WASHINGTON – The language is tucked into a paragraph on page 13 of Division A of the 1,600-page Consolidated and Further Continuing Appropriations Act, 2015, better known as the federal budget.

It requires the secretary of agriculture to change a United States meat labeling rule to comply with a World Trade Organization (WTO) decision that brands the rule unfair. The paragraph would eliminate the need for meat producers, packers and distributors to show where the animals used in their products are born, raised and slaughtered.

The paragraph's inclusion in the budget is a testament to the lobbying power of the biggest players in the American meat industry, including Minnesota-based Cargill Inc. and Hormel Foods Corp. Both companies have battled in the courts and Congress against country-of-origin labeling, which both call onerous and ineffective.

Hormel spokesman Rick Williamson said the company "supports the views held by industry organizations such as the American Meat Institute, National Pork Producers Council and the North American Meat Association that the rule will cause consumer confusion, raise food prices, be costly to implement and serve no public health or food safety benefit."

The WTO says the U.S. country-of-origin labeling rule — known as COOL — violates international free trade by requiring extensive record-keeping that discourages U.S. meat processors from buying foreign products. The U.S. will appeal the decision.

But Canada and Mexico, which filed the charges that led to the WTO decision, have already threatened tariffs on hundreds of U.S. products if the rules don't change. Some Minnesota livestock farmers also support the law.

"The country-of-origin labeling piece was put into law for the benefit of family farmers so consumers could know where their food comes from and who they want to support," said Paul Sobocinski, who raises pigs and cattle in southwestern Minnesota. "What we're seeing is the American Meat Institute slip behind the door and put their will forward to undermine the rules.

"Too often corporate power is rising above people, and this is an example."

As he worked on his farm last week, Sobocinski, 64, said Americans want and deserve country-of-origin labeling. If that is going to change, he added, the public needs more of a say than it had in the process that got an order to dilute food labeling buried in a budget bill.

"When the people's business is being done, the people have a right to know up front so they can communicate with their representatives," he said.

Cargill spokesman Mike Martin said the language in the budget bill does not force a resolution.
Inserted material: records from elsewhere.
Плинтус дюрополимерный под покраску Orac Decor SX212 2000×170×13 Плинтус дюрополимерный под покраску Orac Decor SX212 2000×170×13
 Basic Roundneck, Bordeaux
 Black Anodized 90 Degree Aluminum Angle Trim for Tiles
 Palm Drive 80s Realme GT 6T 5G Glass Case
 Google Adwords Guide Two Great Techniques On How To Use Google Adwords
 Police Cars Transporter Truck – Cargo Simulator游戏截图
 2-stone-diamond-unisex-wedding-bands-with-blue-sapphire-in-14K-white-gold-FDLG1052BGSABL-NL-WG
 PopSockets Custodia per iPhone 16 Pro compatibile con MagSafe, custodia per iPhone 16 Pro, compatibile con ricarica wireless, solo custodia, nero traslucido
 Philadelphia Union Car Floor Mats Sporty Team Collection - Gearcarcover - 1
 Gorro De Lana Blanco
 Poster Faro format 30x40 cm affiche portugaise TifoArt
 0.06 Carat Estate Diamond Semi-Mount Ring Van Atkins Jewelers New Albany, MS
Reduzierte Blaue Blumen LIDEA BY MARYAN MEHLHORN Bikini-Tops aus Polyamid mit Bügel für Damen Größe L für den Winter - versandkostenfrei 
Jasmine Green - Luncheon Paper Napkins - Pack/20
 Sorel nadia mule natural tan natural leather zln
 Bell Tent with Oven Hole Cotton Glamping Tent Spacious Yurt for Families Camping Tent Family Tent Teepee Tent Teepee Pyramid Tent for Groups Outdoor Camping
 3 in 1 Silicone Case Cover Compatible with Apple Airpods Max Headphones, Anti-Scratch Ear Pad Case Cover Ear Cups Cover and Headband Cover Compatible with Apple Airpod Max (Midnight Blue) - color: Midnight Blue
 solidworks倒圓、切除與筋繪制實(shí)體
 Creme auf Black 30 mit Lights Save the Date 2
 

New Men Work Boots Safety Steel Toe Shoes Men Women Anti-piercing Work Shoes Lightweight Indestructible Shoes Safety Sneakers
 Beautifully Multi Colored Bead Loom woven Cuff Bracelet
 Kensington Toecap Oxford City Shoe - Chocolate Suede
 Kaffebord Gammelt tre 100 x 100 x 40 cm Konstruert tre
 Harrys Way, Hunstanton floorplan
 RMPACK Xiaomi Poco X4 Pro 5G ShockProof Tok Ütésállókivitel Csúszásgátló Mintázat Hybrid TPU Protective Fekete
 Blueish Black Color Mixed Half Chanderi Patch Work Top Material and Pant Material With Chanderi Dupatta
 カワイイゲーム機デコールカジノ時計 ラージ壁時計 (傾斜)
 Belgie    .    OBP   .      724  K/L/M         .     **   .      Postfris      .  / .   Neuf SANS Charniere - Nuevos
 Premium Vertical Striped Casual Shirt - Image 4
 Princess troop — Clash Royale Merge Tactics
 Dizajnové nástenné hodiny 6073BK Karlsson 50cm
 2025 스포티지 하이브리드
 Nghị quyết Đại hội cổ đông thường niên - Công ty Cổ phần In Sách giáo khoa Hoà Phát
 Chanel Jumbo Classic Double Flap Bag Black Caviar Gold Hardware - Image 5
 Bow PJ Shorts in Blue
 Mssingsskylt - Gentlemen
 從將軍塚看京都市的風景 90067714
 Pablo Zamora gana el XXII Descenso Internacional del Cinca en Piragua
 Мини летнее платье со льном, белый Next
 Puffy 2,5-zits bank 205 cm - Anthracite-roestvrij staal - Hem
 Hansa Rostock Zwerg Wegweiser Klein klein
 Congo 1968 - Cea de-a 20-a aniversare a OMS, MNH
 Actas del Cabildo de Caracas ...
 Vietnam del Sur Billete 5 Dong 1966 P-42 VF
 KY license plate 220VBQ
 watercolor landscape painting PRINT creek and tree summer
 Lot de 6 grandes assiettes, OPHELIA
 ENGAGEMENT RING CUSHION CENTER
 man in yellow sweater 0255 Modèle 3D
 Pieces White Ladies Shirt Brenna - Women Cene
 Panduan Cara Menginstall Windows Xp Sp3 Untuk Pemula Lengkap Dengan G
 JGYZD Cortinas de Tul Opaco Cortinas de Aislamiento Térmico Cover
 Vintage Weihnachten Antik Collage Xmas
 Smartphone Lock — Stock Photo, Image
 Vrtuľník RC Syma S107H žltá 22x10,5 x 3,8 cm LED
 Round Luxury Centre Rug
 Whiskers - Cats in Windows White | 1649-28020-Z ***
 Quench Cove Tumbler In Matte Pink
"It does require USDA [the U.S. Department of Agriculture] to submit options for congressional consideration," Martin said. "We also believe Congress must address this in its next session to bring the U.S. into compliance with international trade laws."

Minnesota's U.S. Sens. Amy Klobuchar and Al Franken, both Democrats, think the WTO appeals process should play out before the U.S. does anything to dilute its labeling requirements. In e-mail statements to the Star Tribune, each stressed the importance of letting consumers know where the food they eat comes from.

Democratic Rep. Collin Peterson of Minnesota said the meat industry was trying to "legislate through allocation" and "trying to put heat on [Secretary of Agriculture Tom] Vilsack to get him to do something." But Peterson, ranking minority member of the House Agriculture Committee, said Vilsack may lack the power to dilute the rules.

"We don't know what will satisfy the WTO," Peterson said in an interview. "When we do know, I don't know if we can legislatively get it done."

Vilsack tried to push the issue back into the notoriously gridlocked House and Senate, telling a recent Farm Journal Forum that his department is "stuck."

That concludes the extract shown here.